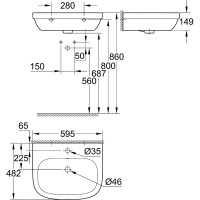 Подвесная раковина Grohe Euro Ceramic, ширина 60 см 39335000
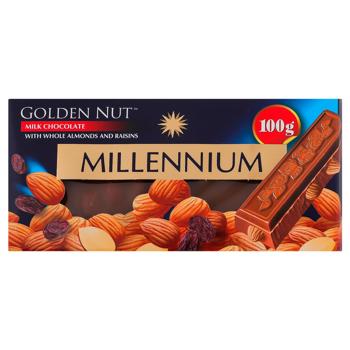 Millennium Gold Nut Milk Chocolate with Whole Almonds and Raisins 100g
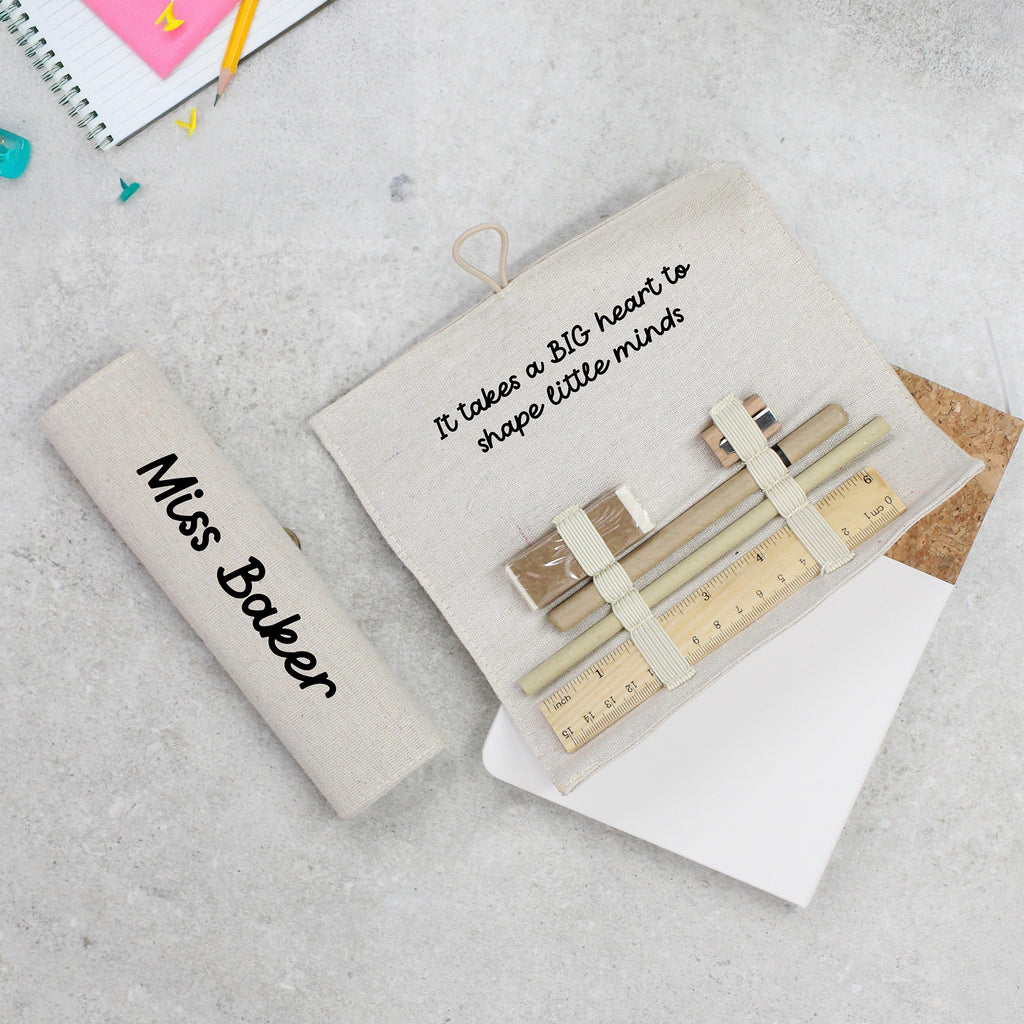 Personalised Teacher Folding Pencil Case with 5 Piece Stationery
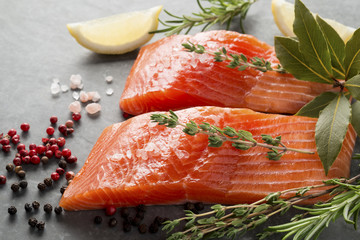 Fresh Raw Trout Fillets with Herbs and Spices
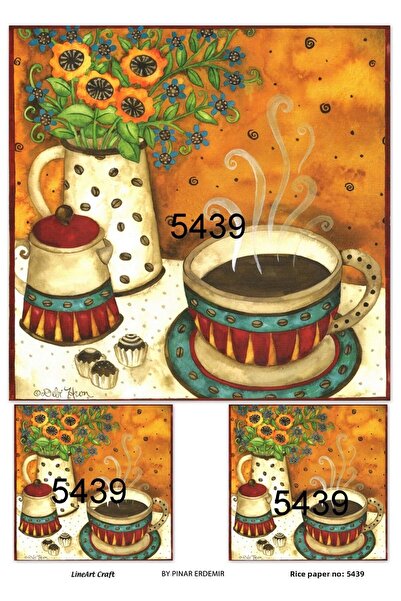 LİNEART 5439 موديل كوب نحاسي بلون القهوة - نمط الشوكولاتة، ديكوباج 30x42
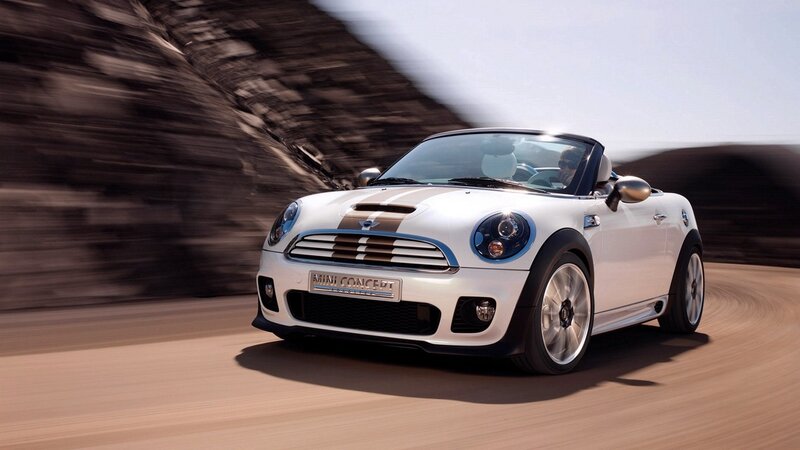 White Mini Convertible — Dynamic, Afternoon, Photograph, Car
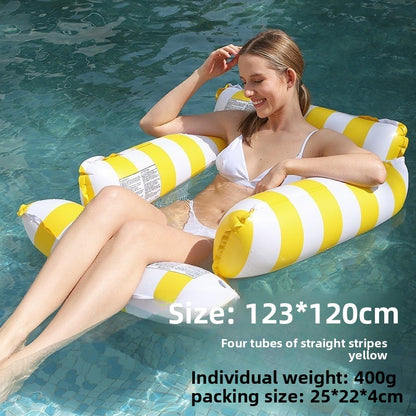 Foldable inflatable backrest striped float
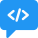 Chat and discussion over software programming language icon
——
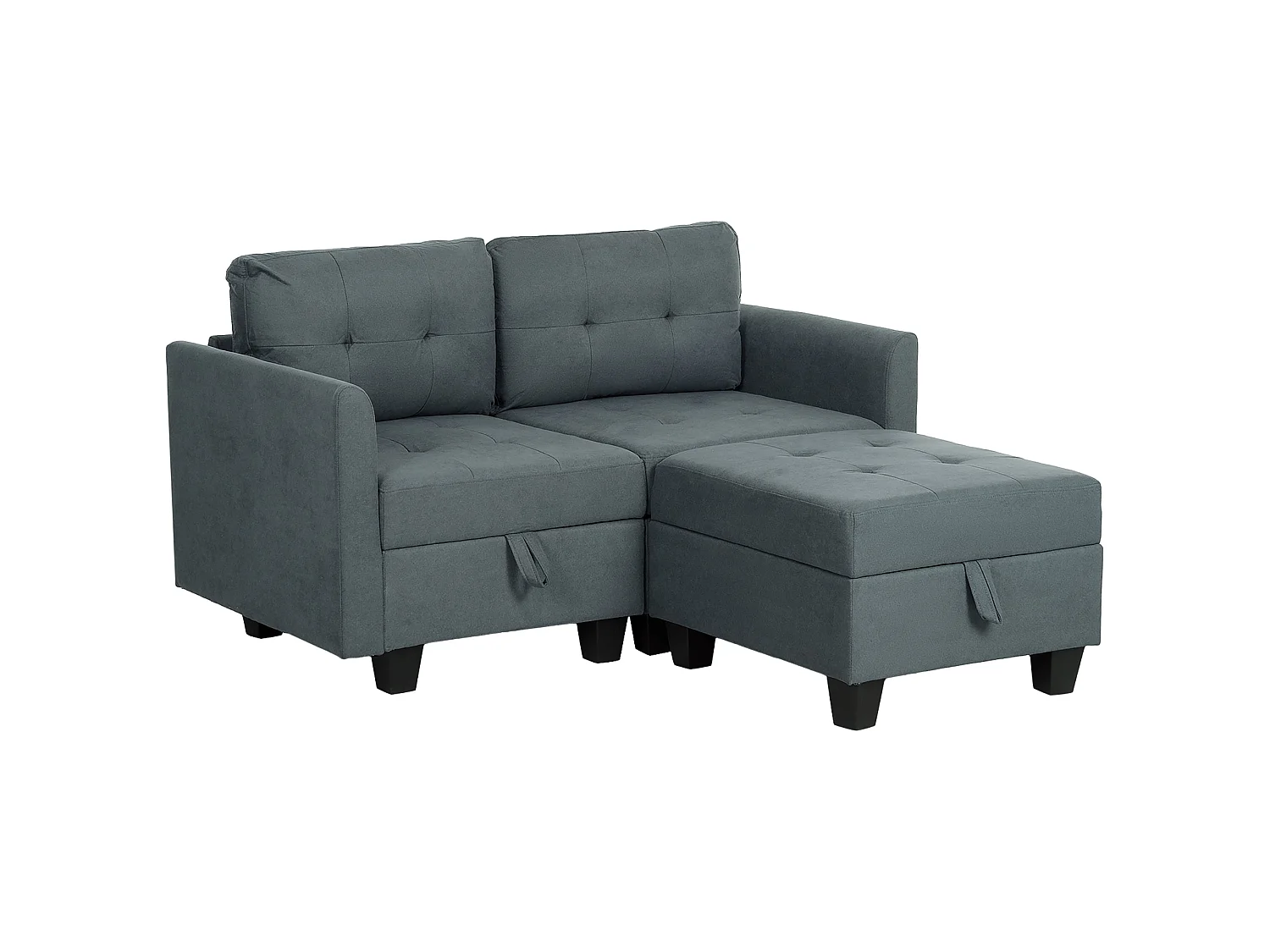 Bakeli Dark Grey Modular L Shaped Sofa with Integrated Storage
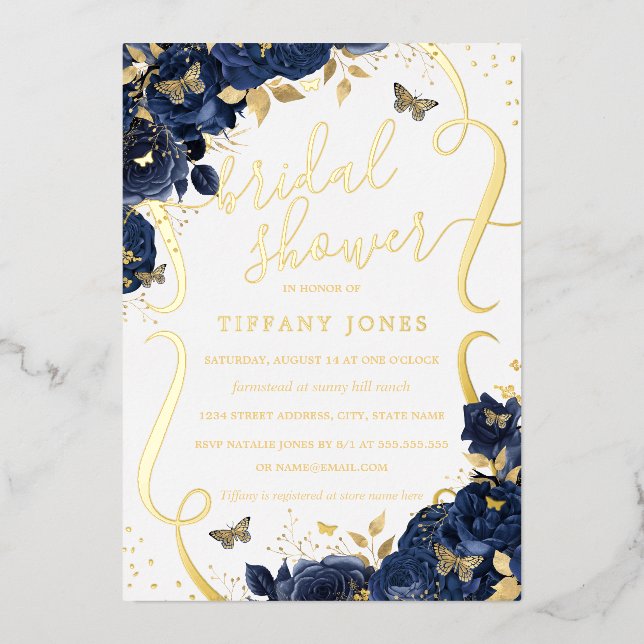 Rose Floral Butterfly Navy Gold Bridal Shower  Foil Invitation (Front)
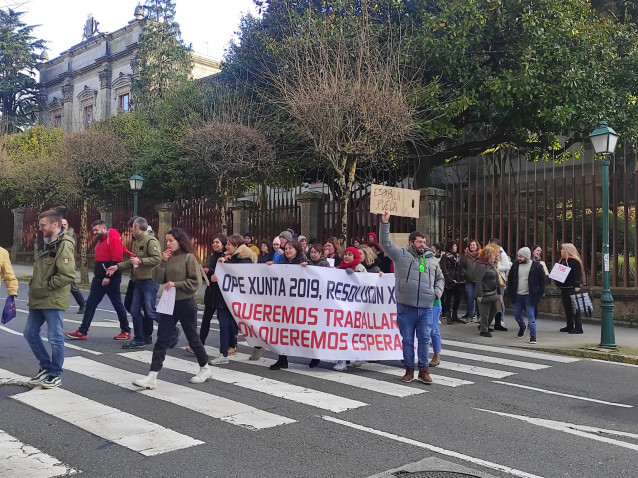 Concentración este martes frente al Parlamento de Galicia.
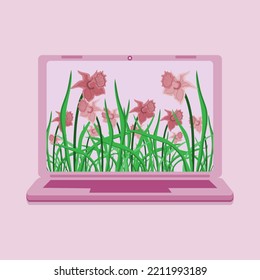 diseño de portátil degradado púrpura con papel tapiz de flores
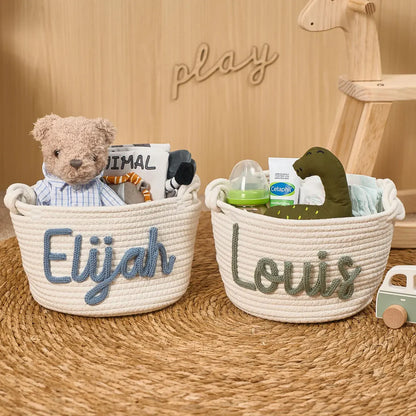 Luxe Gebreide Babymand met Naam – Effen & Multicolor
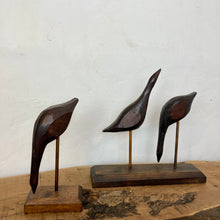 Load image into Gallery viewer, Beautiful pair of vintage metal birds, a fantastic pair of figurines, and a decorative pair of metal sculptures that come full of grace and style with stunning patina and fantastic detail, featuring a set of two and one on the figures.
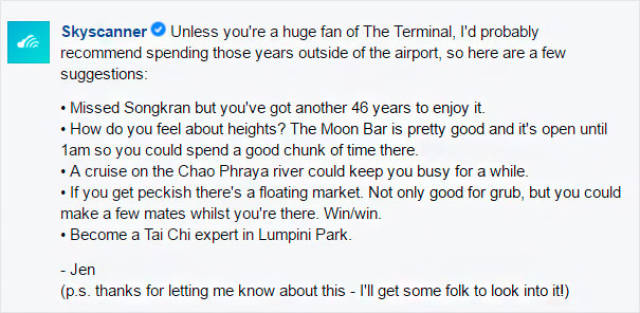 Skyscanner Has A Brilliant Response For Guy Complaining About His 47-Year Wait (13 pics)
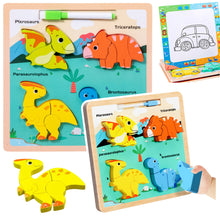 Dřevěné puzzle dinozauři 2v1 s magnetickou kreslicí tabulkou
——
§ Exercise prompt
Copy the lines above exactly, starting at the one with "Подвесная раковина Grohe" and ending at the one with "Chat and discussion", both included. Leave out any pictures and add nothing else.

§ Completed exercise
 Подвесная раковина Grohe Euro Ceramic, ширина 60 см 39335000
 Millennium Gold Nut Milk Chocolate with Whole Almonds and Raisins 100g
 Personalised Teacher Folding Pencil Case with 5 Piece Stationery
 Fresh Raw Trout Fillets with Herbs and Spices
 LİNEART 5439 موديل كوب نحاسي بلون القهوة - نمط الشوكولاتة، ديكوباج 30x42
 White Mini Convertible — Dynamic, Afternoon, Photograph, Car
 Foldable inflatable backrest striped float
 Chat and discussion over software programming language icon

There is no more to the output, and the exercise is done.